Did you know that Willie Aames is only 5’5”? I love Celebrity Fit Club because of all the craziness. They fight more than the Surreal Life people. Willie refused to exercise, so they staged a 7:00 a.m. workout intervention. He was so pissed that he punched his front door, gritted his teeth, and said “You’ve got me so infleshed right now!” I know I wasn’t a child star or anything, but what the hell does that mean?

Sandra Lee bugs me. But like Rachael Ray, for some reason I can’t stop taping and watching her show. Maybe I enjoy the feeling of contempt. Today she was making an authentic Indian Dinner, if you can call anything she makes authentic. She goes nuts with the themes each week, right down to the window treatment and her outfit. I guess she couldn’t find a Sari or anything this time because she was wearing a t-shirt with a June Cleaver silkscreen. Go figure.

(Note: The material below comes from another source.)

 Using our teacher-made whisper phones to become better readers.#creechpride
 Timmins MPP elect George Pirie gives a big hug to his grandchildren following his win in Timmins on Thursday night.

Saturday night we attempted to eat dinner at the new P.F. Chang’s. We got there at 6:30 p.m. and were told that there would be a 3 hour wait. Hahaha. That’s hilarious. We already knew that the Cheesecake Factory across the street would be a 3 hour wait as well, so we didn’t bother. We walked down to Maggiano’s, and their wait was a mere 2 ½ hours. Apparently we have no original thought. Both of these restaurants had revolving doors. I always thought people with fears of escalators and elevators were weird, because really, what’s the big deal? I am scared shitless of these doors. I can handle it if I am the only one in the door, and I can propel it myself. If it’s already spinning, forget about it. I get all nervous and feel like I am playing double dutch, and if I don’t jump in at exactly the right moment I will lose an appendage. We ended up walking down to Target and eating hot dogs and popcorn for dinner. Not really, that would have been too original for us.